Using only the entries below, output the lines starting at the one containing "Refrigerador, microondas, parrilla" and ending at the one containing "(LR) Mimi Keene", exactly and inclusive of both, omitting the pictures.

▶ [Available data]
---+---

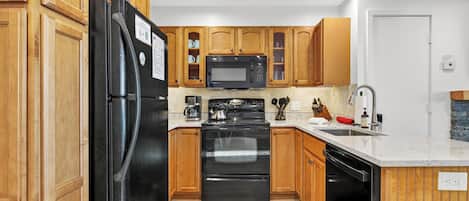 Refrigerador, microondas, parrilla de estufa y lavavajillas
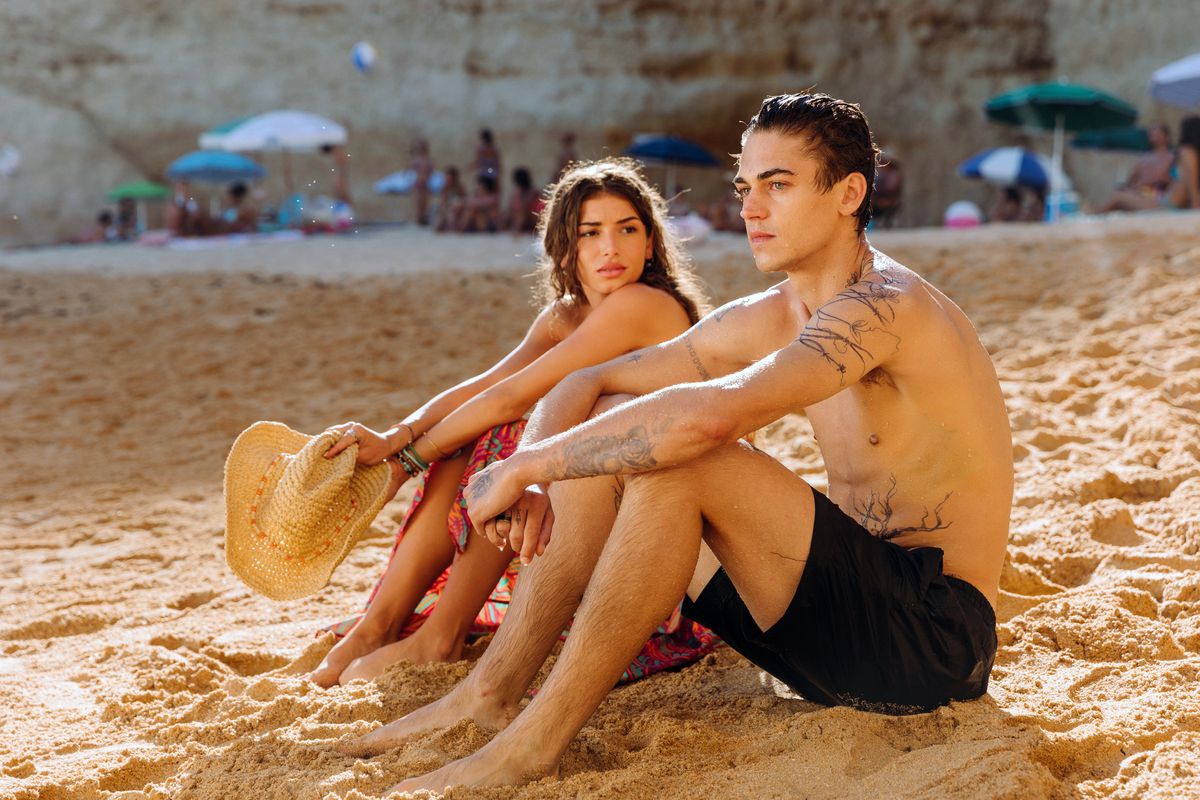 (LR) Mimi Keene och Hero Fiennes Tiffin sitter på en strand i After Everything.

---+---

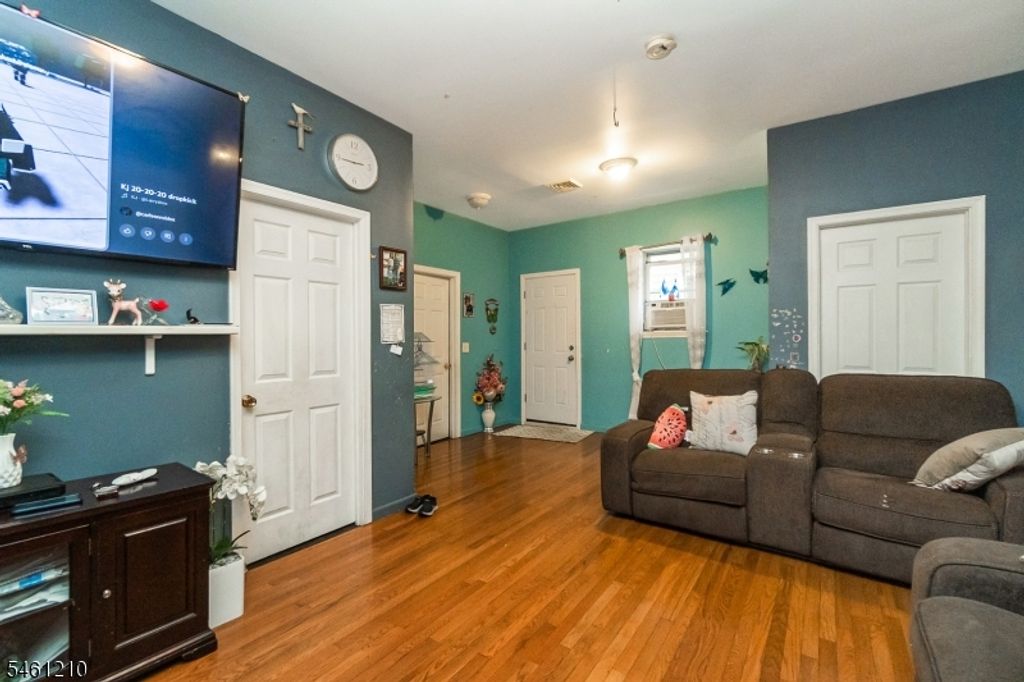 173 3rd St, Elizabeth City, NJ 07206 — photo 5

---+---

▶ [Output below]
 Refrigerador, microondas, parrilla de estufa y lavavajillas
 (LR) Mimi Keene och Hero Fiennes Tiffin sitter på en strand i After Everything.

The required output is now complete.